START INFORMATION SHOWN

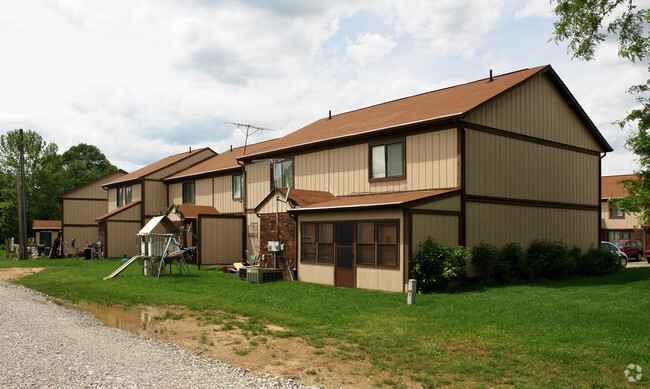 Building Photo - Teays Pointe Town Home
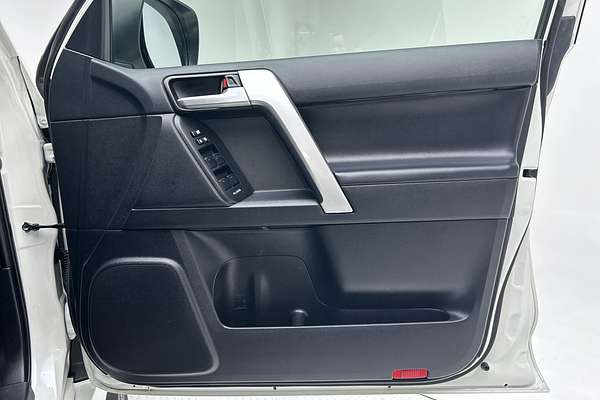 2020 Toyota Landcruiser Prado VX GDJ150R thumb-18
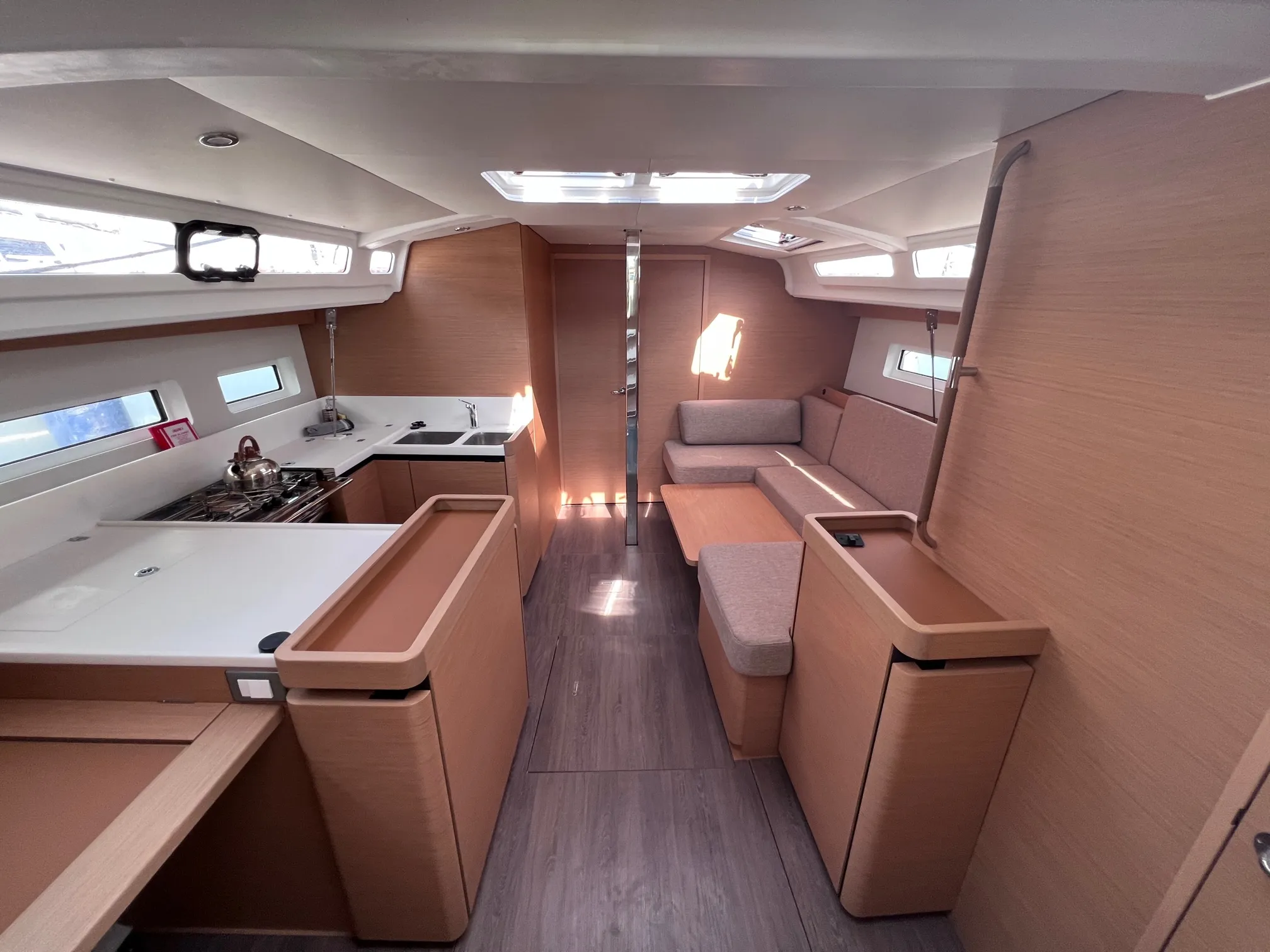Sun Odyssey 440 Elisabeth II — фотография яхты 10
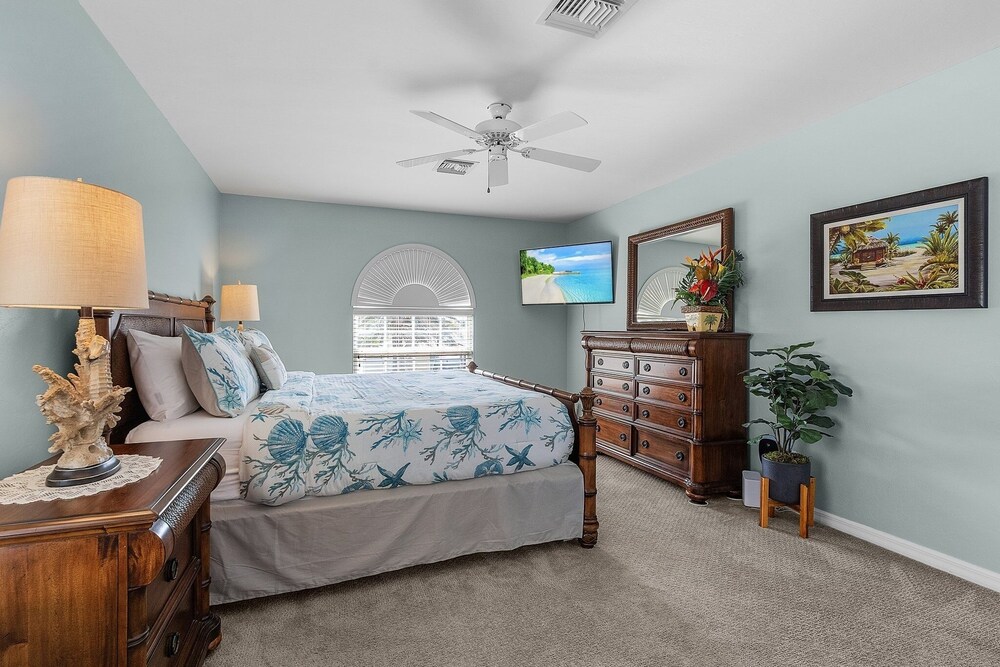 401 Pet-friendly, Pirate's Cove Retreat 3 Bedroom Home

END INFORMATION SHOWN

#### WORK TO BE COMPLETED:
The required output is the lines from the one containing "Sun Odyssey 440" through the end of the data, printed exactly, with no pictures.

#### RESPONSE AREA:
Sun Odyssey 440 Elisabeth II — фотография яхты 10
 401 Pet-friendly, Pirate's Cove Retreat 3 Bedroom Home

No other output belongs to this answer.